Welcome to this call for posts for Sepia Saturday Week 11 (Saturday 13th February 2010) - the first Sepia Saturday to be hosted on our new dedicated Blog. Most of you will be familiar with using these dinky-linky things, but if not, they are quite easy to use : if you are joining in the fun this week, simply enter your name and the URL of your blog in the box below and press enter. Please try to include a link back to the Sepia Saturday Blog in your post so that your readers can then discover the other posts, and please try to visit the blogs of as many of the other participants as you can. If you have not joined in before the rules for Sepia Saturday are fairly straight forward - the idea is to share our old photographs (they don't have to be sepia). They can be used as a springboard to whatever you want - family history, local history, poetry, prose or whatever - or they can simply be shared with the briefest of descriptions. In order to allow maximum flexibility, there is no weekly theme on Sepia Saturday : the overall aim always remains the same - to share our collective history. A slightly more verbose statement of aims can be found in The Sepia Saturday Manifesto.



Let's hope that Sepia Saturday goes from strength to strength in its new home. It would be really useful if regular players could give the launch of this new blog publicity on their existing blogs so that we get as many participants as possible.

Tuesday 9 February 2010

A Manifesto For Sepia Saturday


A MANIFESTO FOR SEPIA SATURDAY.

1. We belong to a favoured generation: the first generation of the digital age. Whilst our ancestors have valiantly attempted to preserve their own unique history in scraps of written narrative and faded and creased photographs, we have the unique ability to fix these memories for ever as our legacy to future generations.

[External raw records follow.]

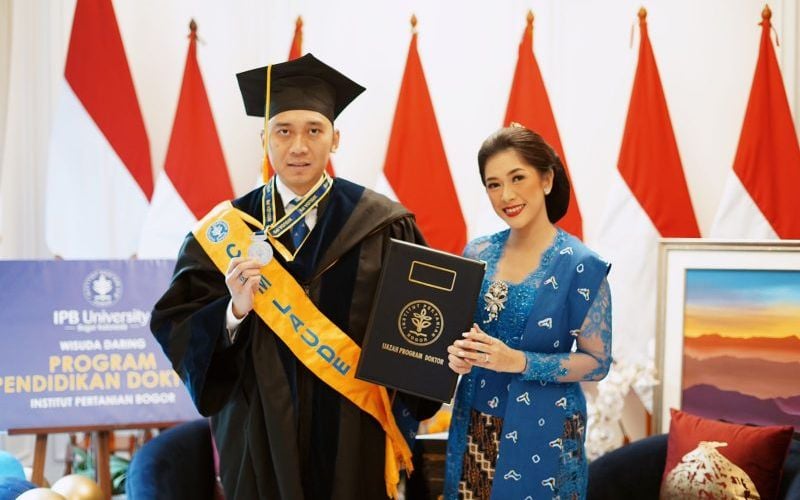  Wisuda, Ibas Resmi Bergelar Doktor Manajemen Bisnis IPB dengan IPK 4,0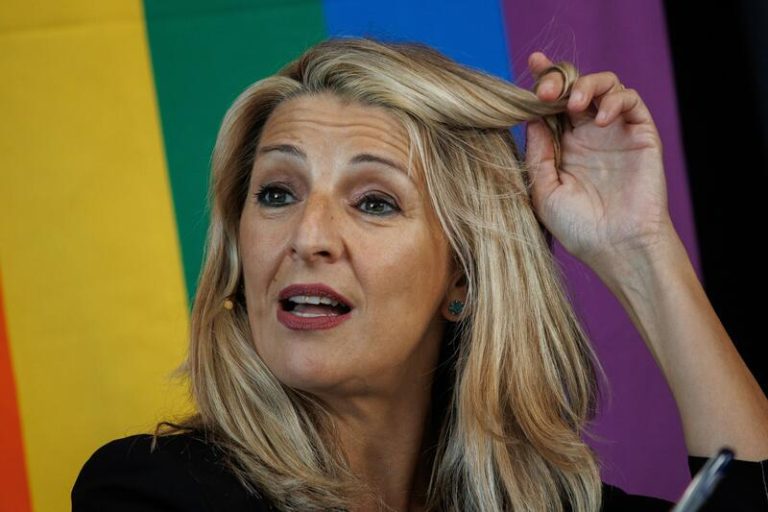 Yolanda Díaz celebra récord de empleo y anuncia reducción de jornada laboral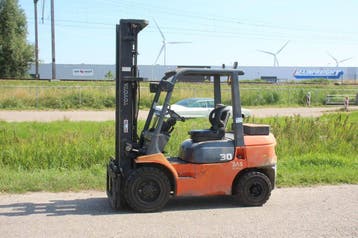 Veiling: Heftruck Toyota 62-7FDF30 Diesel 3000kg 6.0m 2006, Ophalen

2.  Scanning, blogging and digital storage provide us with the means of preserving the past, but we also have a duty to preserve the stories and images of those that contributed to our society as we know it. Whilst we can leave to academic historians the task of documenting the lives of the rich and famous, we believe that the most remote second-cousin and the most distant of maiden aunts has made a unique contribution to the lives that we lead. Each one of us has a duty to help preserve the stories of these builders of the modern world.

3. Whilst images alone are fascinating documents, images with words - be they simple half-remembered names and dates or gripping narrative histories - are even better. The synthesis of image and words provides the most effective insight into the past.

4. "Sepia" is an alliterative convenience rather than a descriptive criterion. Let our images be in sepia, in black and white or in full colour : what matters is the message and not the medium.

5.  We recognise that we have not only a duty to share our past but also to ensure that it is effectively preserved. Whilst images printed on photographic paper and words written in old notebooks fade with time, they have proved, in most cases, remarkably resilient over time. Perhaps one of the greatest dangers facing the millions of digital images and the endless pages of computerised words we produce today is that they can so easily be lost by the pressing of a wrong button or by the hacking of a troubled soul. We recognise and we accept our responsibility to back-up and securely save.